Starting from the line containing "Iphone 13 parts 3", give again every line through the end of the entries, word for word. Pictures stay out of the copy.

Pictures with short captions
· · · · · · ·

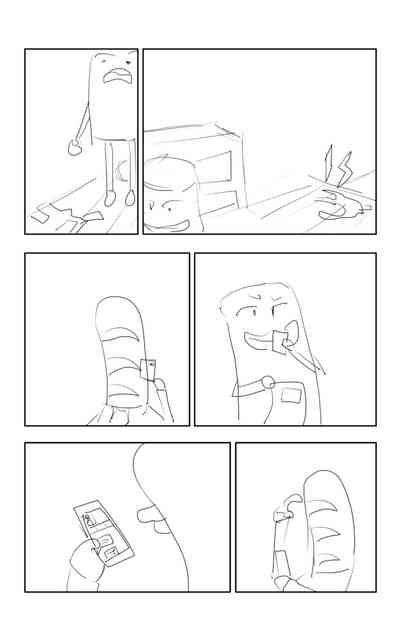 第15页图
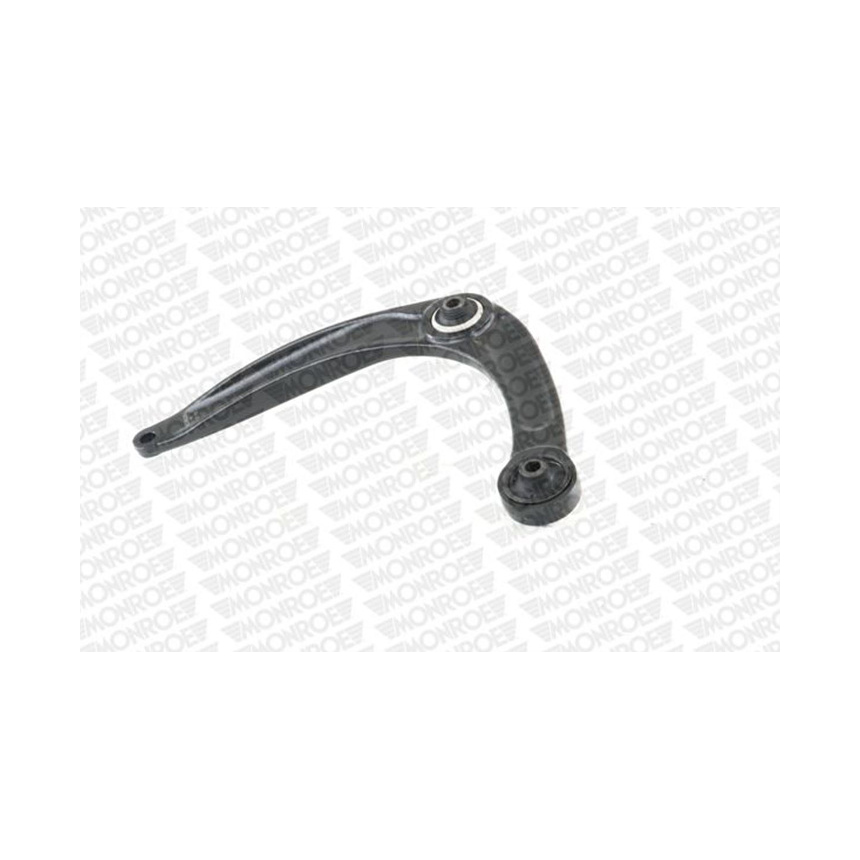 푸조 5008 1.6 HDi 10-17년 MONROE 앞좌측 로어암 W8CH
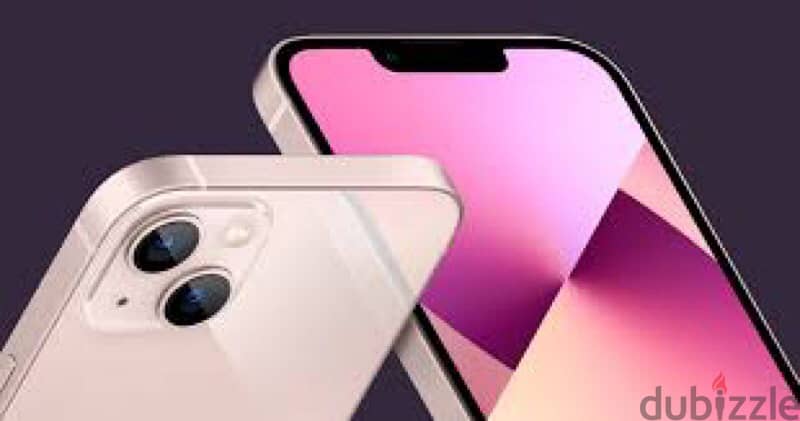 Iphone 13 parts 3
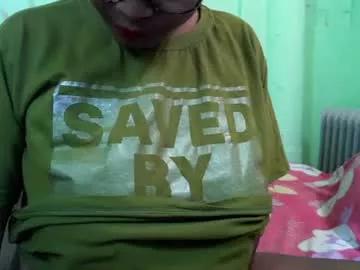 voagelle from Chaturbate is Freechat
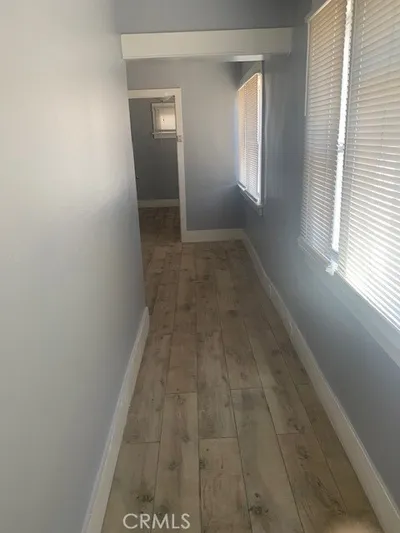 428 Almond Ave photo 2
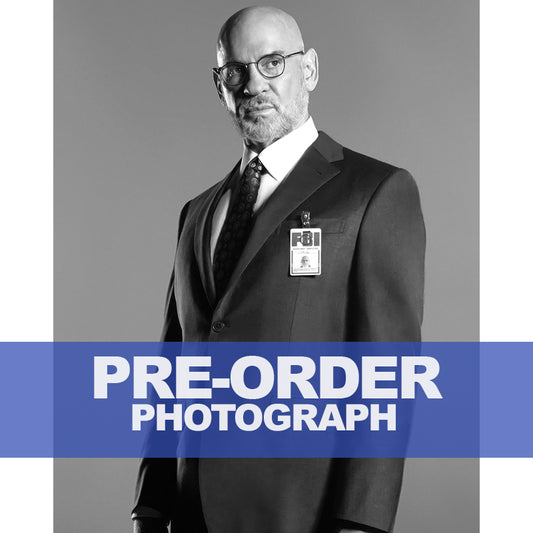 MITCH-PILEGGI-AUTOGRAPH-PHOTO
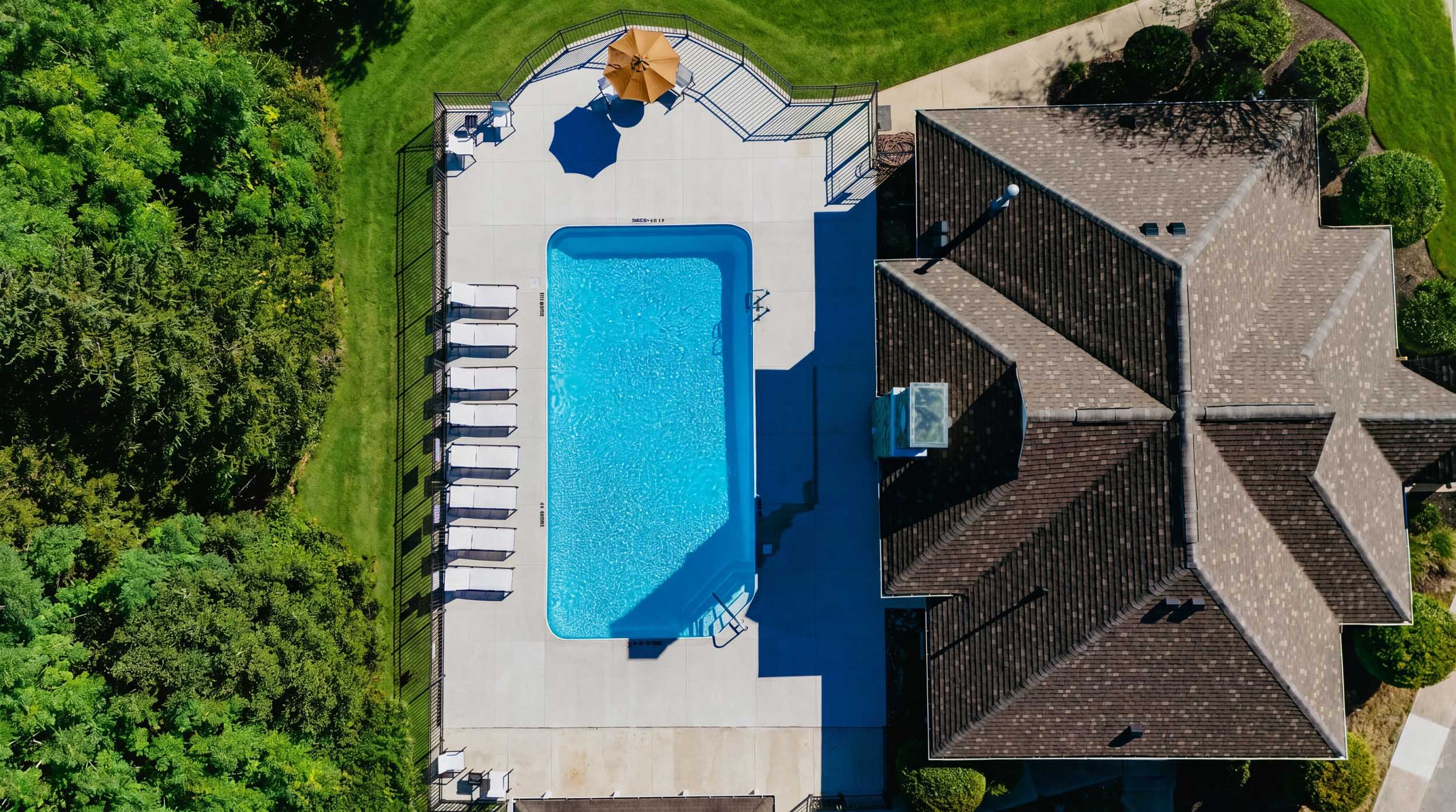 BlendonWoods - PoolUpdate2.jpg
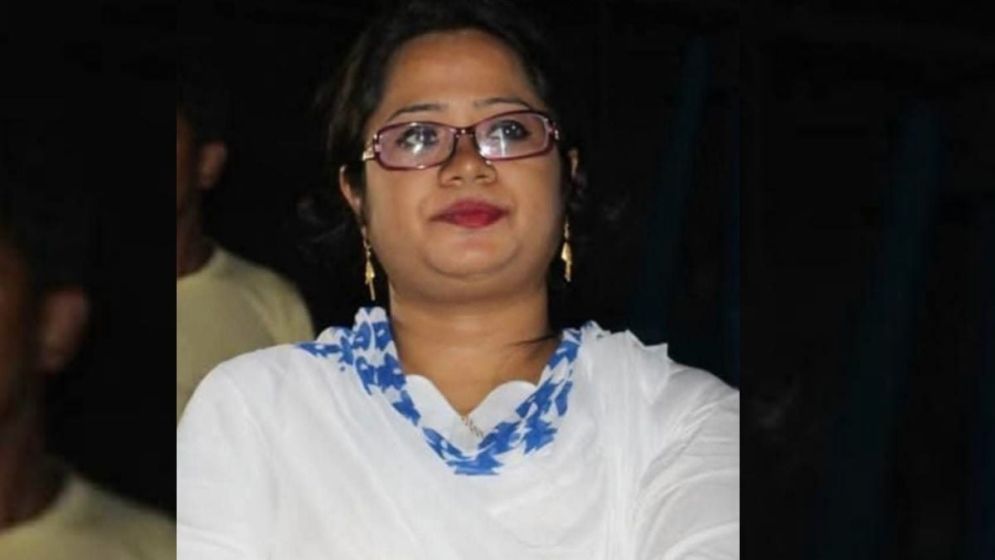 ‘হয় অর্থ, নয় রক্ত’— চাঁদা দাবিতে স্বাস্থ্য কর্মকর্তাকে হুমকি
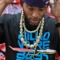 Kelvin Taylor Actor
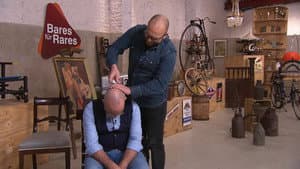 Episodio 48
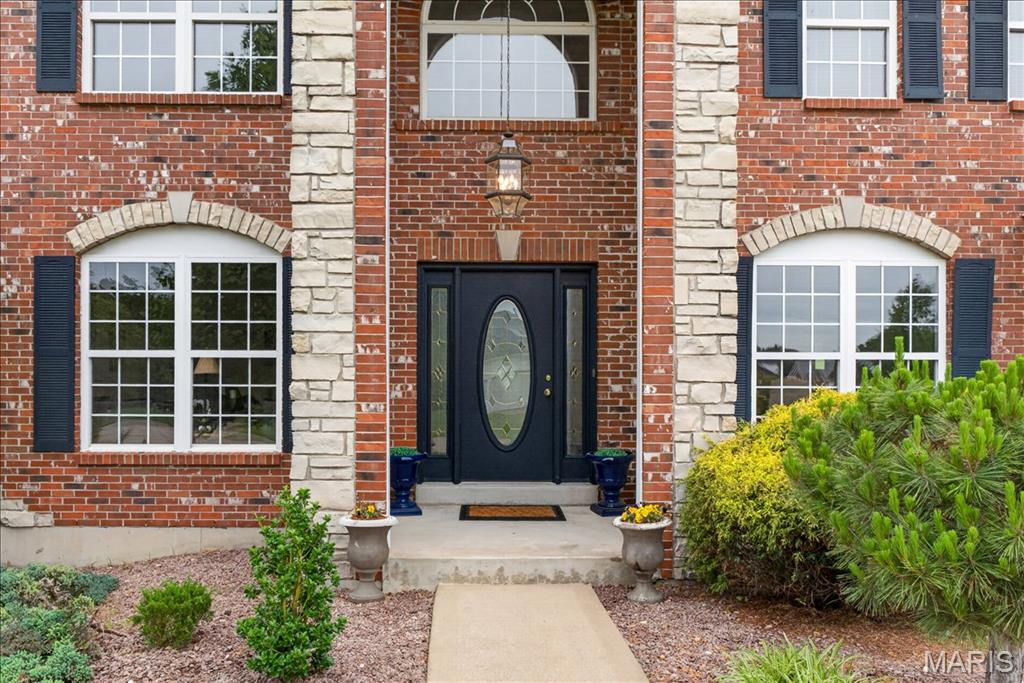 371 Galahad Court Weldon Spring, MO 63304 - Photo 7 of 52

· · · · · · ·

**Exercise solution**:
 Iphone 13 parts 3
 voagelle from Chaturbate is Freechat
 428 Almond Ave photo 2
 MITCH-PILEGGI-AUTOGRAPH-PHOTO
 BlendonWoods - PoolUpdate2.jpg
 ‘হয় অর্থ, নয় রক্ত’— চাঁদা দাবিতে স্বাস্থ্য কর্মকর্তাকে হুমকি
 Kelvin Taylor Actor
 Episodio 48
 371 Galahad Court Weldon Spring, MO 63304 - Photo 7 of 52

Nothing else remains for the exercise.